The much-debated Juvenile law amending the existing provisions to allow children between 16-18 years to be tried as adults in heinous crime cases has been passed by Rajya Sabha. The Juvenile Justice (Care and Protection of Children) Bill, was passed amid unanimity across the political parties on Tuesday, with CPI (M) being the lone exception to stage a walk out demanding the bill be referred to the select committee. The Bill was already passed by the Lok Sabha on May 7, 2015.
The legislation, amending the provisions in the JJ Act, was debated on the floor of the Upper House against the backdrop of the release of the youngest convict in December 16 gangrape case, who was tried as a juvenile. The Bill will now be sent to the President for his assent.
Even the parents of the late victim, who have been pressing for stricter laws to deal with juveniles involved in heinous cimes, witnessed the house proceedings from the visitor’s gallery.
Earlier, moving the Juvenile Justice (Care and Protection of Children) Bill for consideration and passage, Women and Child Development Minister Maneka Gandhi termed the legislation as “compassionate” and comprehensive in nature.
Arguing that juvenile crime is the fastest rising segment of the crime, she said, “You cannot have a more comprehensive, more nuanced and compassionate Bill” as she reached out to the principal opposition party.
Meanwhile, several parties, including NCP, CPI(M) and DMK, pushed for sending the bill to a Select Committee, arguing that further examination was required to decide whether the age for punitive action should be reduced to 16 years from the current level of 18 years.
Explaining the nuances of the bill, Maneka Gandhi said no juvenile will be sent to the jail directly and they will still be able to appeal even if a court decides that they will go to an adult jail. According to the legislation, the Juvenile Justice Board (JJB) has experts and psychologists who will first decide whether the crime committed has been “child-like” or was it committed in an “adult frame of mind”.
“If juvenile is sent to jail, they will be sent to a borstal until they are 21 years old, after which there will be a review,” she said making it clear that they will still not be spending time with hardened criminals.

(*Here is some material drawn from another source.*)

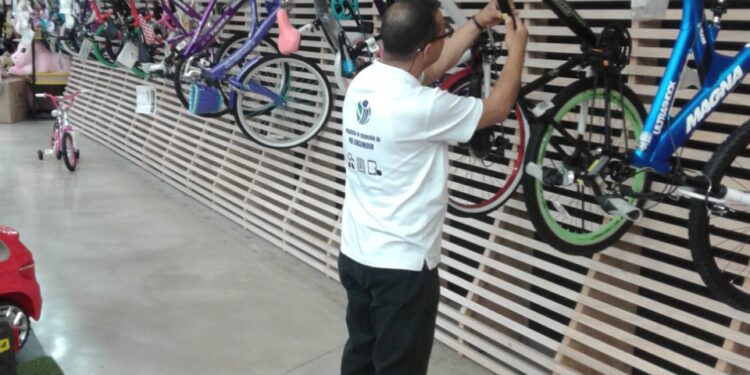 Pro Consumidor realiza operativo por el Día de Reyes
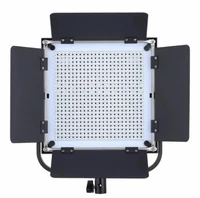 Lampa studyjna światła stałego 576 LED 40W 4500LM CRI 90+ widok z przodu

Beginning the debate on the bill, Leader of the Opposition, Ghulam Nabi Azad said that for the last few days, the country has been discussing the issue and the biggest question is about the age.
“From politicians to writers, everyone is divided on the issue and many good arguments can be put forward in support of as well as against the cut off age of 16,” he said adding there should be separate facility for those juveniles who are sent to jail and they should not be put up with hardened criminals.
“It should not be that instead of stopping crimes, more criminals are born,” the leader of the Opposition in the Upper House said.
Mr. Azad further sought that the Juvenile Justice Board (JJB) should be more broad based and that there should be special classes for those who are sent to jail so that they do not feel that their life has ended.
On the other hand, Samajwadi Party MP, Ravi Prakash Verma said that piecemeal remedy will not work and opined that tougher laws enacted in the past have failed to check the crime from happening again.
Nominated member Anu Aga too demanded that the Bill be referred to a Select Committee for examination as lowering the age of a juvenile from 18 years to 16 years will be a step in backward direction and would be considered a knee-jerk reaction only.
Speaking on the bill, JD (U) member Kahkashan Perween said the legislation should focus on converting inefficient remand home reform system into an effective system to reform children and should not focus merely on lowering the age of the juvenile.